#### Instructions for the task:
Return the full listing unchanged, apart from leaving out its images.

#### Records to use:

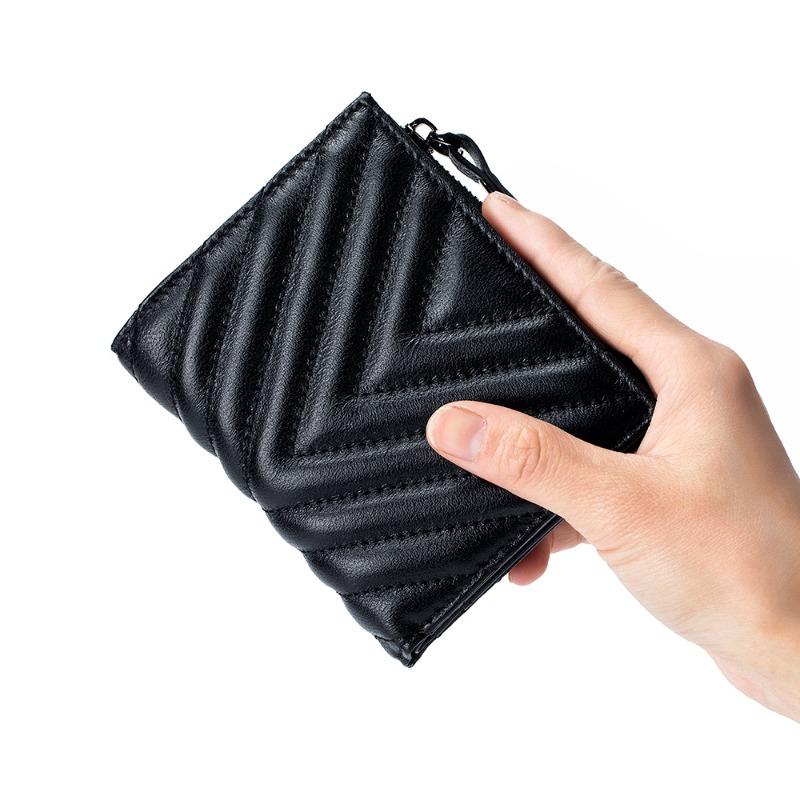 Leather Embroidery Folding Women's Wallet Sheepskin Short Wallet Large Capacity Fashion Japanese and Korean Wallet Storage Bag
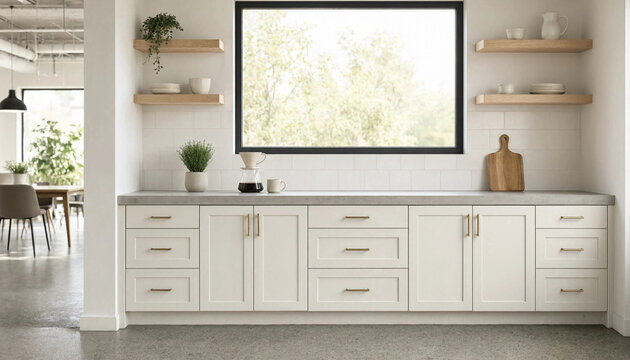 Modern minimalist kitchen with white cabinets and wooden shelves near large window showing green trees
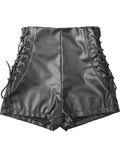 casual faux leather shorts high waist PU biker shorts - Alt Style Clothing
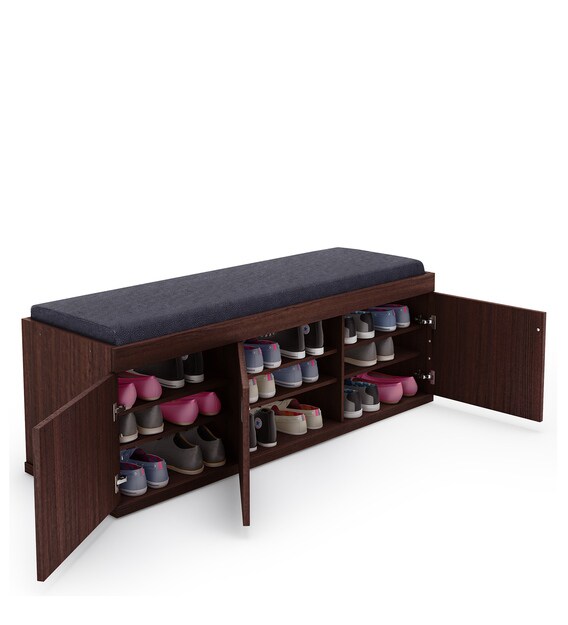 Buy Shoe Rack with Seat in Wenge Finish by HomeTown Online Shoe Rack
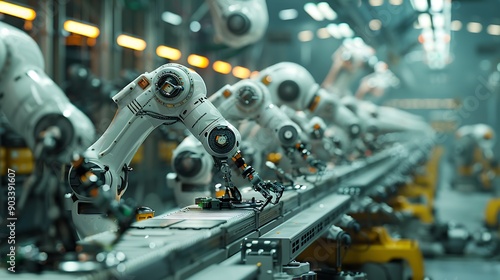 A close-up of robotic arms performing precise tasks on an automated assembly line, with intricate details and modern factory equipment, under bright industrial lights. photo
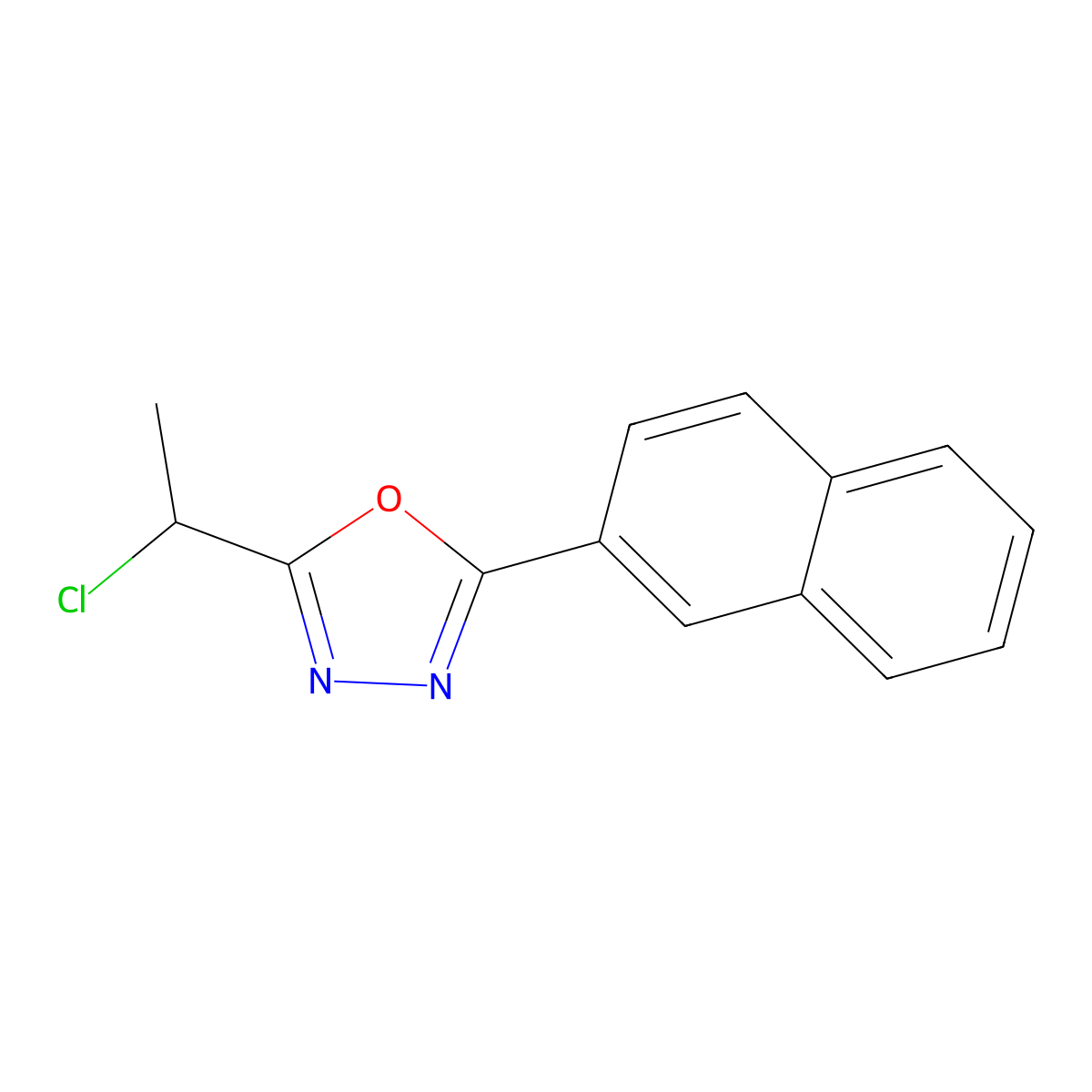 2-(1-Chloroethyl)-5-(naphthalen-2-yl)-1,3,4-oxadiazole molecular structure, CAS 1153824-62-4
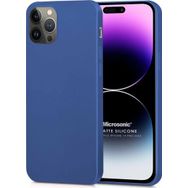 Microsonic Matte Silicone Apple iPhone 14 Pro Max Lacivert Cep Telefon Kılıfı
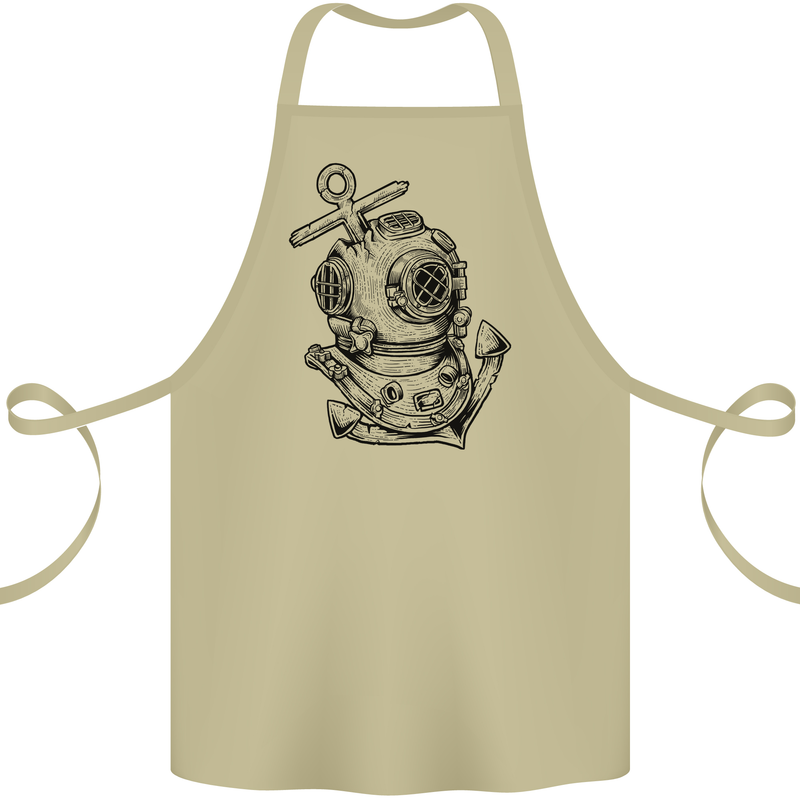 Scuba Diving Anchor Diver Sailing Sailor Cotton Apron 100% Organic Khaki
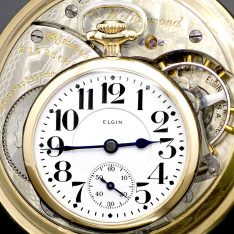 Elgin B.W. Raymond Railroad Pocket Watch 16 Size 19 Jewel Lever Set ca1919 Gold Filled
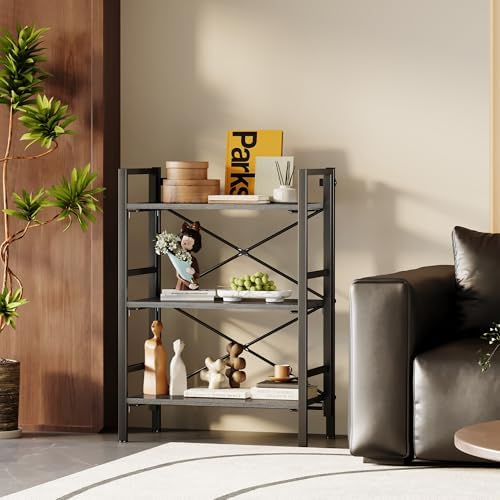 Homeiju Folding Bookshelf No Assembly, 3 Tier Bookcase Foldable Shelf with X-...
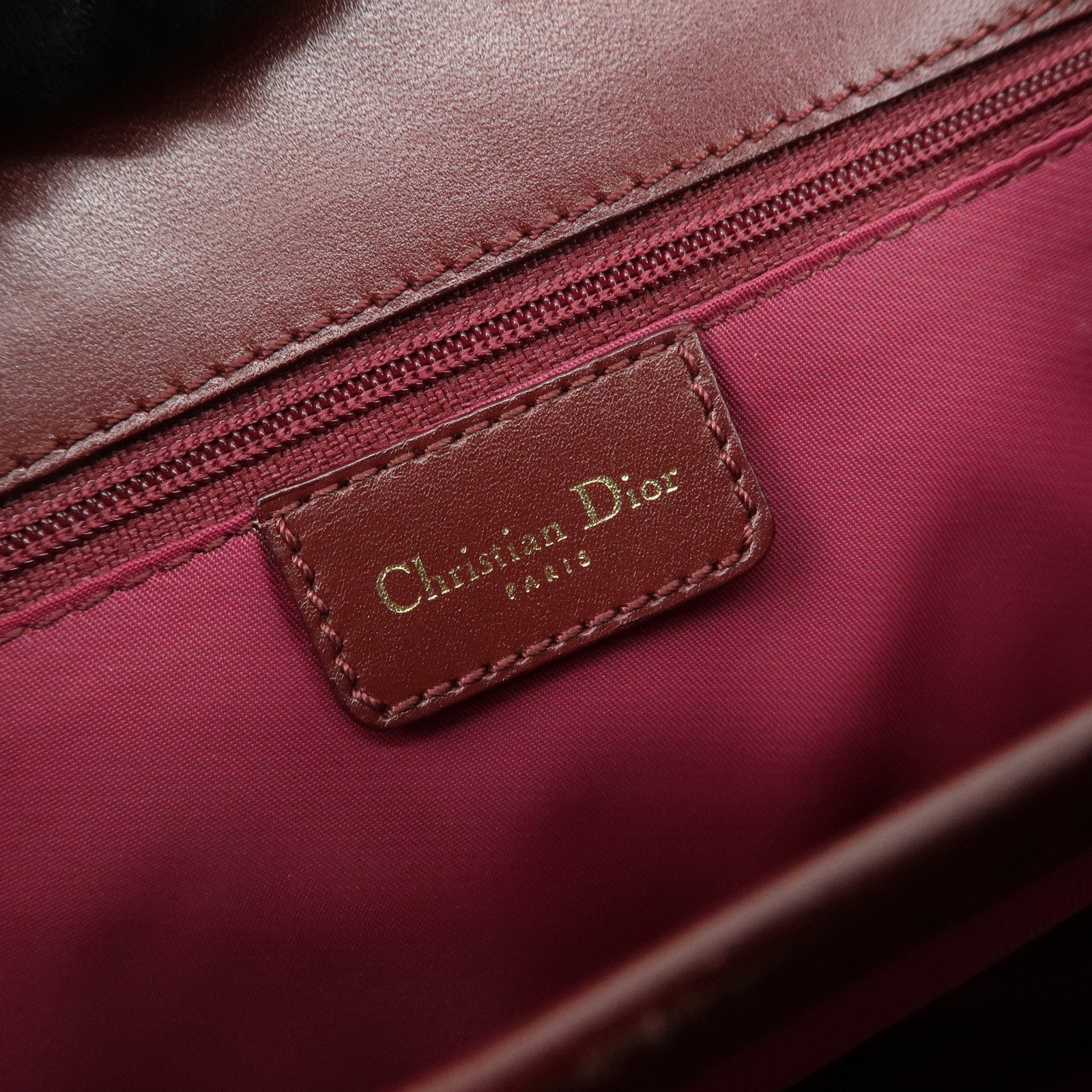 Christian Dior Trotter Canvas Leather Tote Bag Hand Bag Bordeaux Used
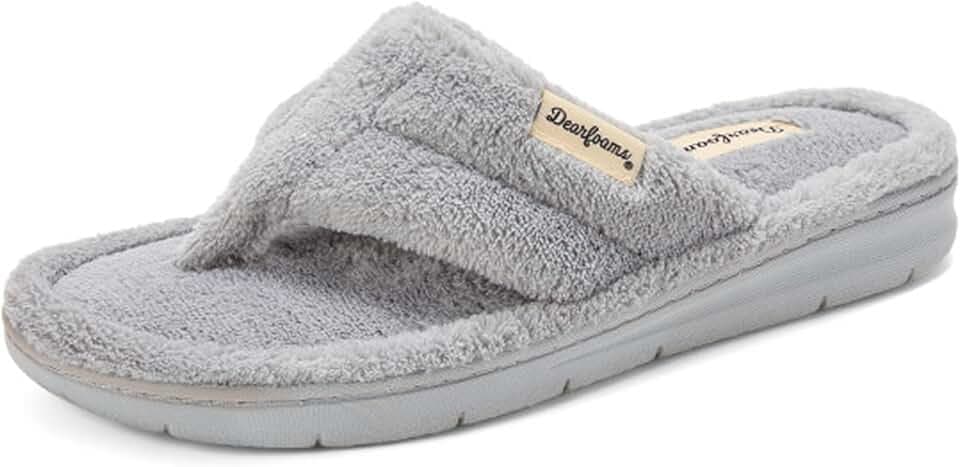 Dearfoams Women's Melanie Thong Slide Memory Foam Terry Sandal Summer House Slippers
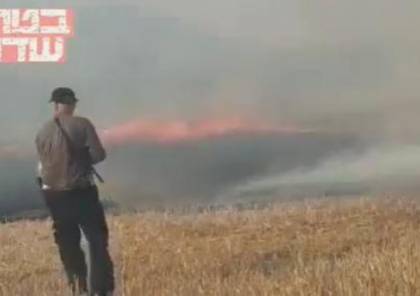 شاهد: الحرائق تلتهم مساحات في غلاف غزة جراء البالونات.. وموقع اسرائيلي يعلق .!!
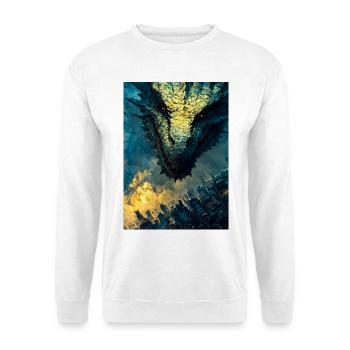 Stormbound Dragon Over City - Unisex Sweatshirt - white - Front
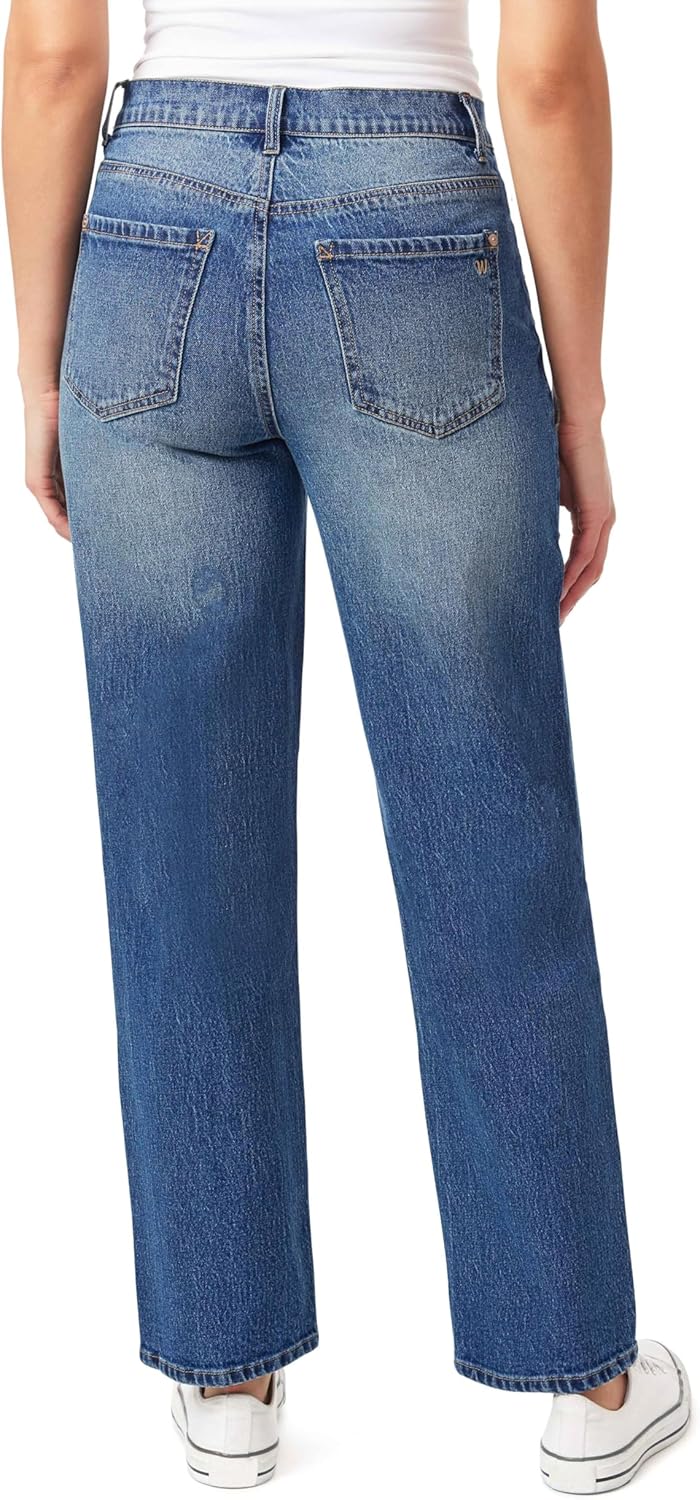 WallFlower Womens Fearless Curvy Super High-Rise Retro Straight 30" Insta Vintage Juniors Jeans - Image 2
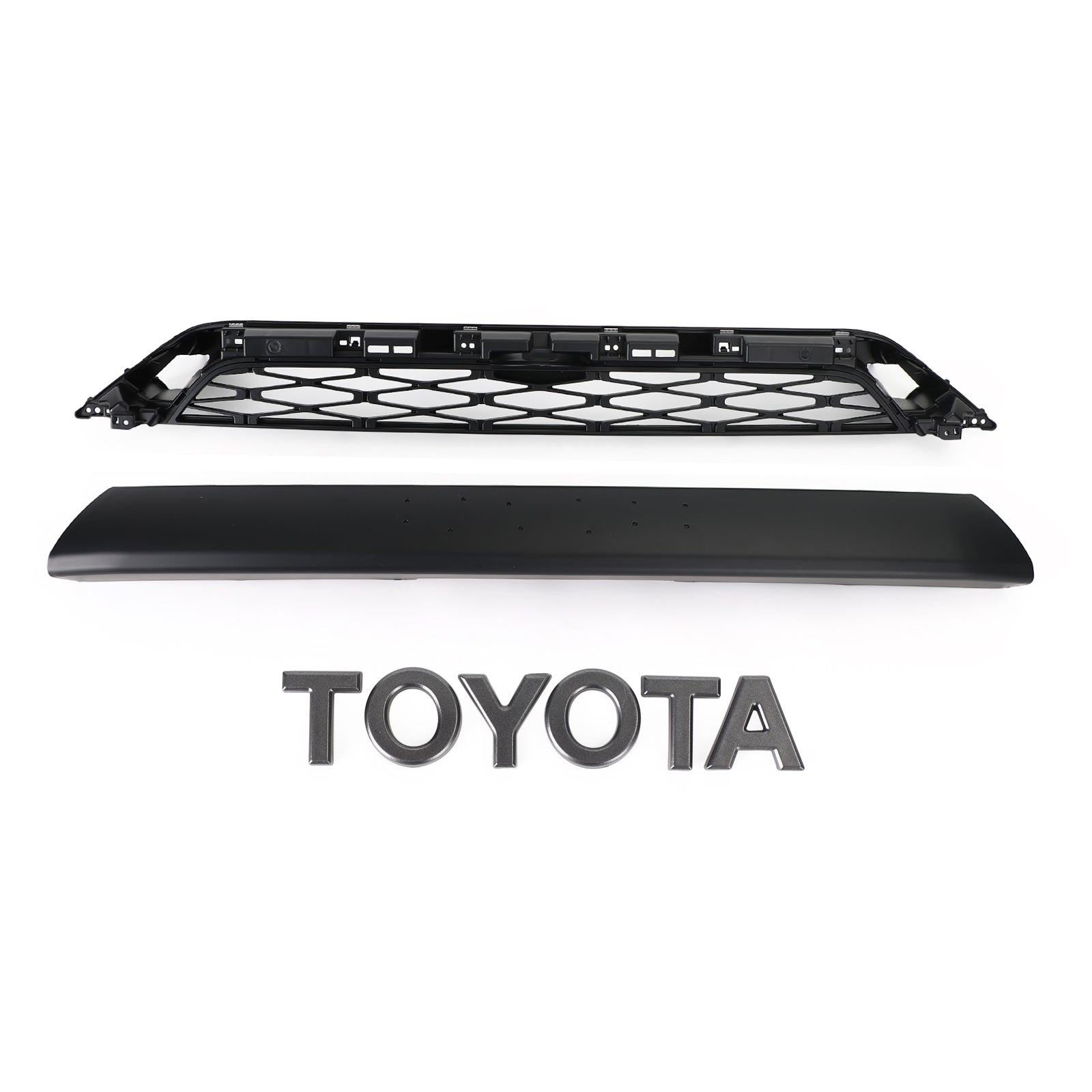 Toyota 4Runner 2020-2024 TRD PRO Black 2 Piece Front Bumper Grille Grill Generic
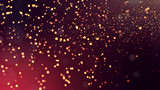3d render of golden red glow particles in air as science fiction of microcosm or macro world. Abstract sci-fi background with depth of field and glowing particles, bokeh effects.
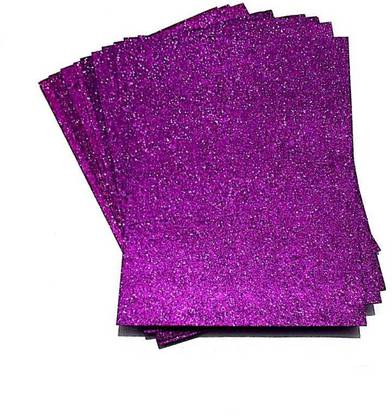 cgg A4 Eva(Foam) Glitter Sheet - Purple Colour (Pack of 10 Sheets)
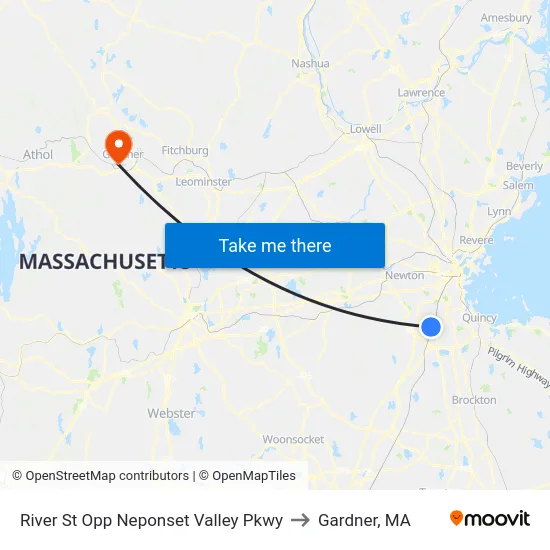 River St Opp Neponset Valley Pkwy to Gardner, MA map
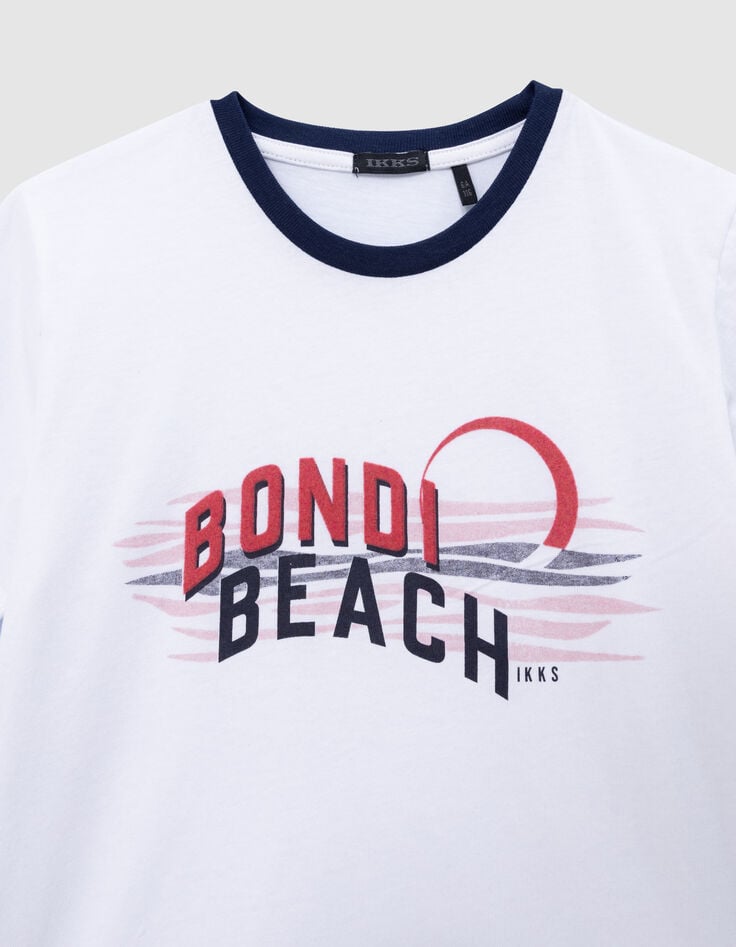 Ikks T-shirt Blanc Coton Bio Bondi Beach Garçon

#### Solution for this problem:
 Leather Embroidery Folding Women's Wallet Sheepskin Short Wallet Large Capacity Fashion Japanese and Korean Wallet Storage Bag
 Modern minimalist kitchen with white cabinets and wooden shelves near large window showing green trees
 casual faux leather shorts high waist PU biker shorts - Alt Style Clothing
 Buy Shoe Rack with Seat in Wenge Finish by HomeTown Online Shoe Rack
 A close-up of robotic arms performing precise tasks on an automated assembly line, with intricate details and modern factory equipment, under bright industrial lights. photo
 2-(1-Chloroethyl)-5-(naphthalen-2-yl)-1,3,4-oxadiazole molecular structure, CAS 1153824-62-4
 Microsonic Matte Silicone Apple iPhone 14 Pro Max Lacivert Cep Telefon Kılıfı
 Scuba Diving Anchor Diver Sailing Sailor Cotton Apron 100% Organic Khaki
 Elgin B.W. Raymond Railroad Pocket Watch 16 Size 19 Jewel Lever Set ca1919 Gold Filled
 Homeiju Folding Bookshelf No Assembly, 3 Tier Bookcase Foldable Shelf with X-...
 Christian Dior Trotter Canvas Leather Tote Bag Hand Bag Bordeaux Used
 Dearfoams Women's Melanie Thong Slide Memory Foam Terry Sandal Summer House Slippers
 شاهد: الحرائق تلتهم مساحات في غلاف غزة جراء البالونات.. وموقع اسرائيلي يعلق .!!
 Stormbound Dragon Over City - Unisex Sweatshirt - white - Front
 WallFlower Womens Fearless Curvy Super High-Rise Retro Straight 30" Insta Vintage Juniors Jeans - Image 2
 Toyota 4Runner 2020-2024 TRD PRO Black 2 Piece Front Bumper Grille Grill Generic
3d render of golden red glow particles in air as science fiction of microcosm or macro world. Abstract sci-fi background with depth of field and glowing particles, bokeh effects.
 cgg A4 Eva(Foam) Glitter Sheet - Purple Colour (Pack of 10 Sheets)
 River St Opp Neponset Valley Pkwy to Gardner, MA map
 Ikks T-shirt Blanc Coton Bio Bondi Beach Garçon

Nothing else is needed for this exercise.